Weir fishing has a long history involving few technological changes.
Heather Goldstone
/
WCAI

Innovation is a relative term. It all depends on where you're starting from. Here are three examples from New England's diverse fisheries:

1. Don't Fix What Ain't Broke

Weir fishing is a tradition that dates back to the Native American inhabitants of Cape Cod. The circular nets anchored with rough-hewn hickory poles look like something out of a history or anthropology textbook. Ernie Eldredge has been weir fishing in Chatham for fifty years, like his father before him. In fact, he still uses some of the same gear. He says they've tried different woods, but hickory is the only one that's strong enough and heavy enough to do the job. He does have a motor on his skiff, but otherwise, he says about the only "innovation" his industry has seen was the switch from cotton to nylon nets several decades ago.

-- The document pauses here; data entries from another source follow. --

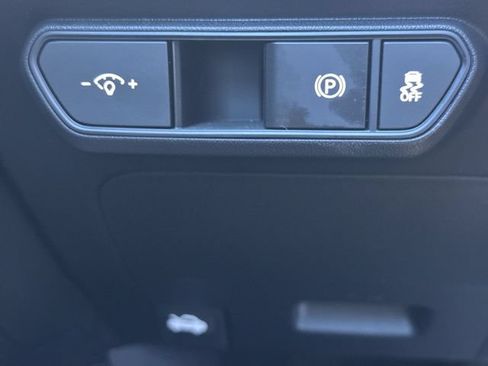 Used 2025 Kia K4 FWD image 25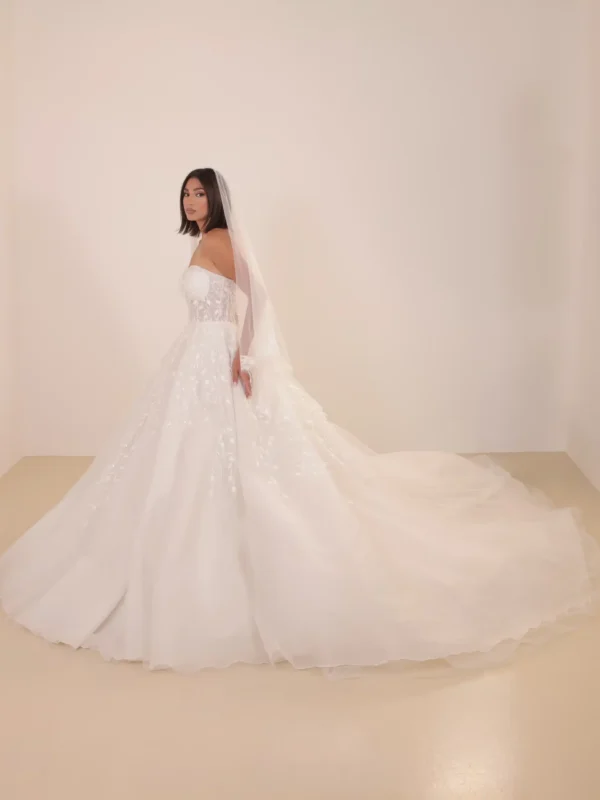 Aurelia - Bridal Rental Lebanon | The Four Vows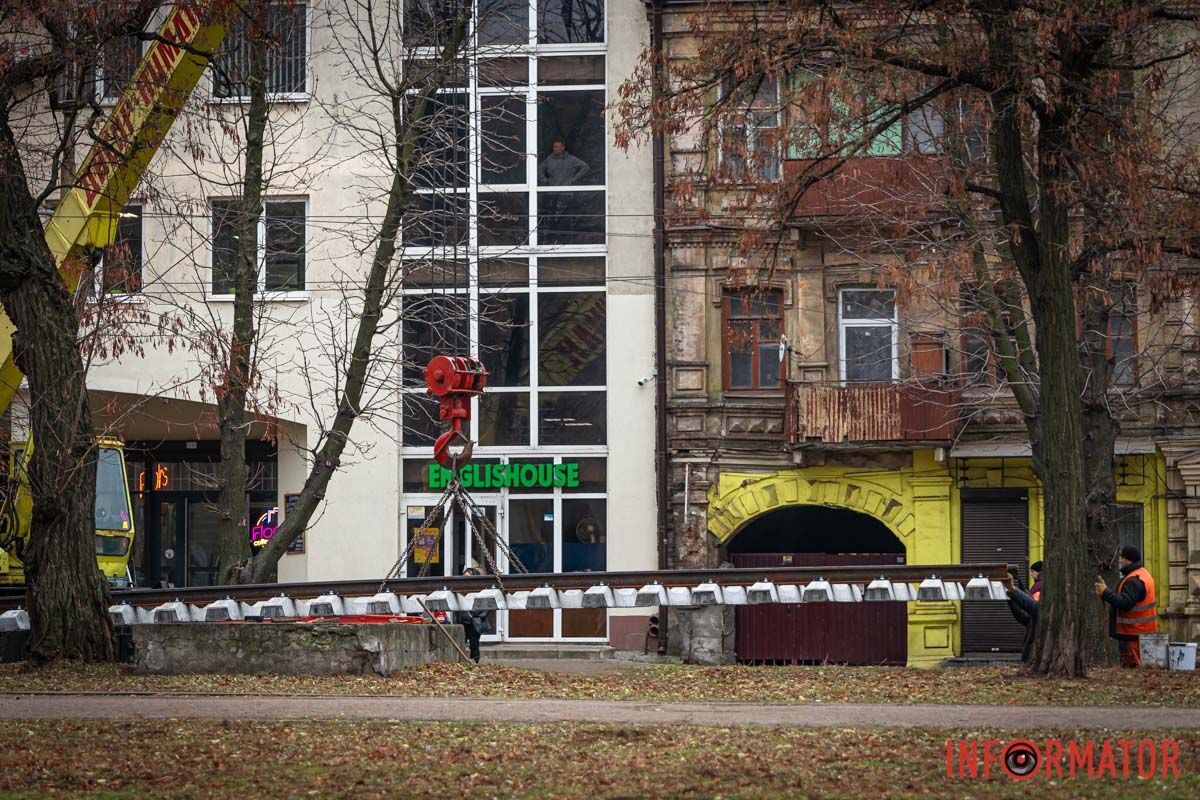 А именно на пересечении проспекта Леси Украинки и бульвара Батальона Днепр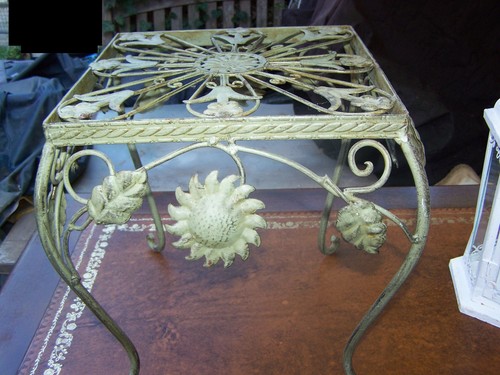 Blumentisch eisen - blumentisch,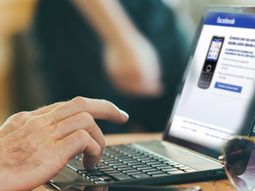 El policía contactó al vendedor por Facebook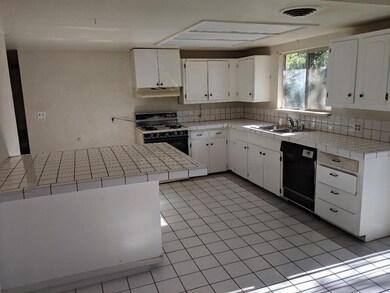H New kitchen
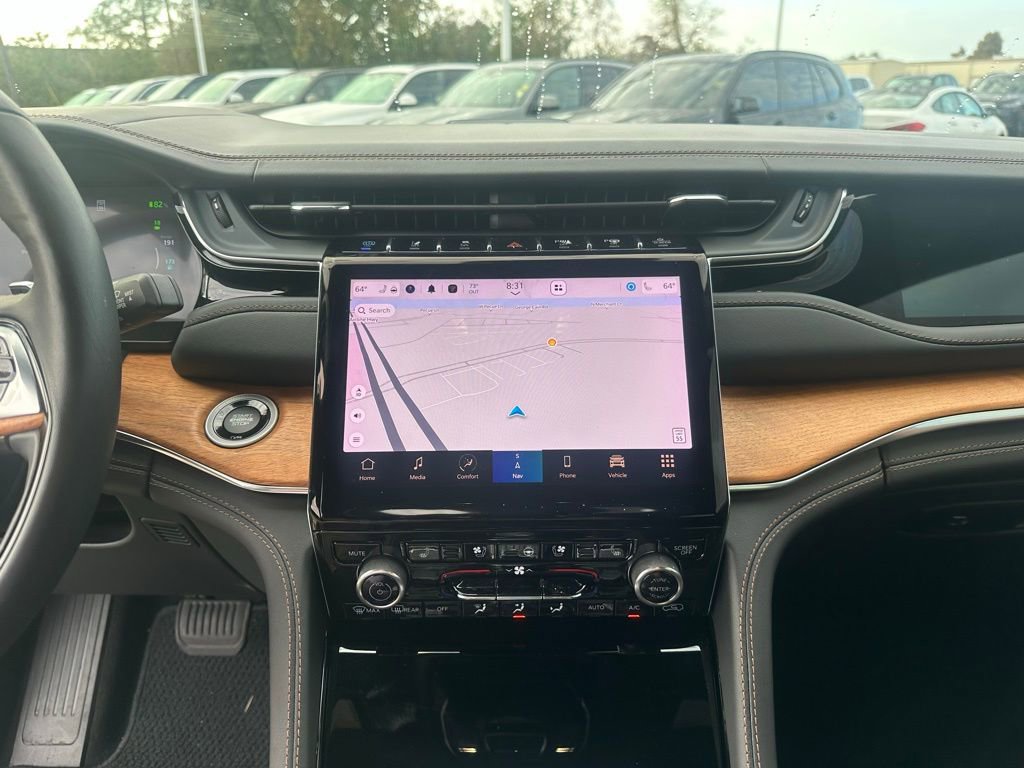 Used 2023 Jeep Grand Cherokee Summit image 14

2. Innovation in a Time of Crisis

Groundfish is New England’s most iconic fishery - cod, haddock, flounder. These days, they're mostly caught by trawl. But that wasn’t always the case. Over the past few hundred years, the cod fishery has gone through multiple technological revolutions – from the introduction of the dory to the highly controversial adoption of the otter trawl. Each new gear has been intended to make the fishery more efficient, but critics would argue they've just enabled overfishing. Now, Dr. Steve Eayrs of Gulf of Maine Research Institute, says technological innovation could reduce by-catch and increase fuel efficiency, making the fishery more sustainable - both economically and ecologically. But it's difficult to fund research and get fishermen to buy new equipment when they don't even know if they'll be fishing in six months time.

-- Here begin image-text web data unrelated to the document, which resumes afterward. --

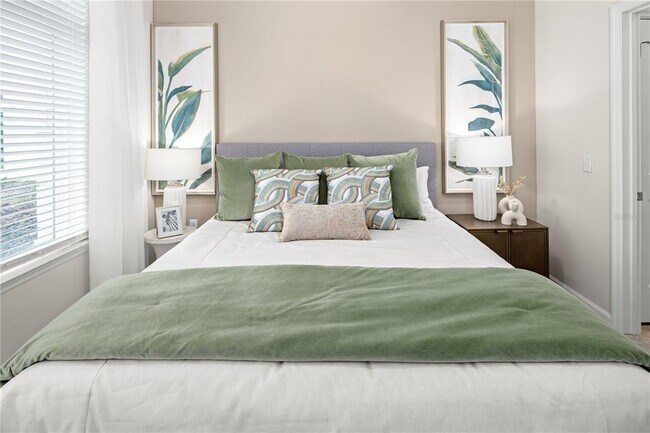 Building Photo - 5256 International Dr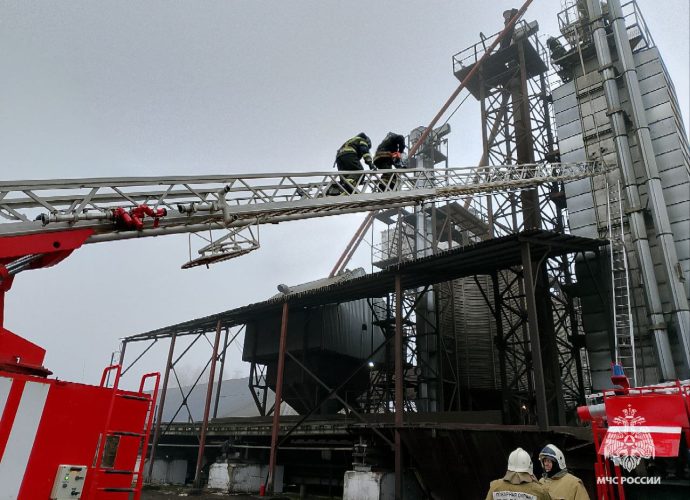 В Арсеньево пожарные спасли 18 тонн гречки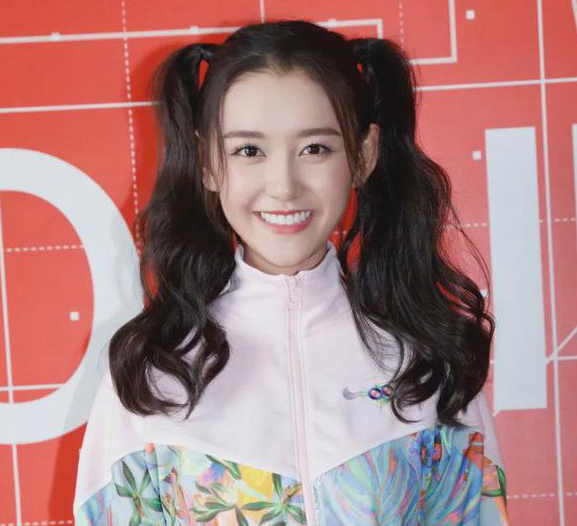 蒋依依评论区被攻陷：姐姐工作遭质疑，姐妹情深何去何从？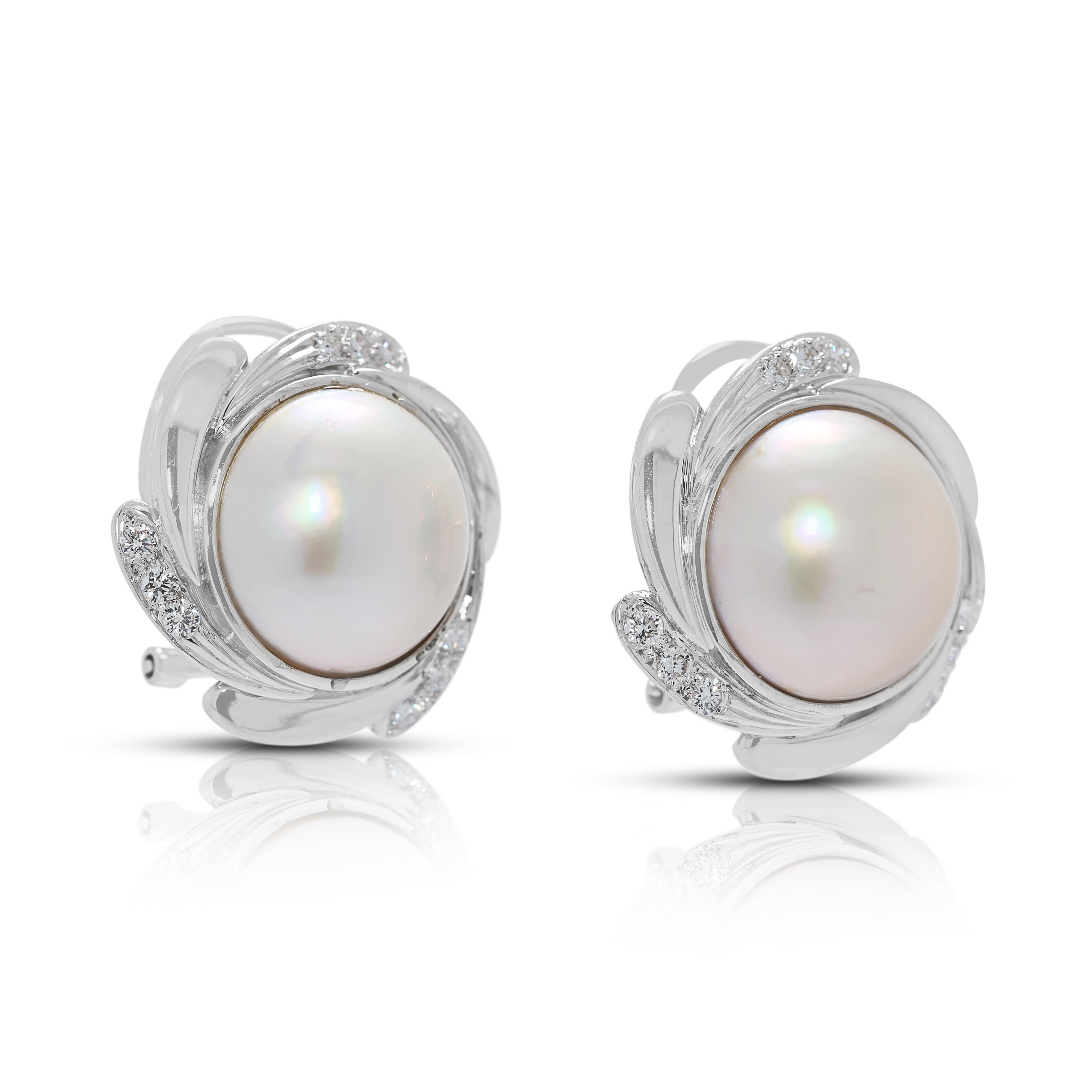 Boucles d'oreilles intemporelles en or blanc 18 carats, perles de Mabe et diamants naturels de 0,36 carat Neuf - En vente à רמת גן, IL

3. The Scallop Success Story

The Atlantic sea scallop fishery is among the most valuable in the United States. It accounts for more than $200 million in revenues each year, fully three quarters of New Bedford's fishery earnings. That's a major turnaround for a fishery that hit bottom twenty years ago. When federal regulators closed important scallop beds and imposed strict fishing reductions, fishermen turned to researchers at U Mass Dartmouth to help them prove that there were more scallops than traditional science indicated. Since 1999, Dr. Kevin Stokesbury and his colleagues have completed more than 150 video surveys, funded by the scallop industry, conducted on commercial boats. In addition, the fishery has adopted a system of rotating area closures, similar to crop rotations. The cooperation and innovation has paid off; harvests have more than doubled and the rebuilding of the scallop fishery is now widely considered a success story of cooperative research and innovation.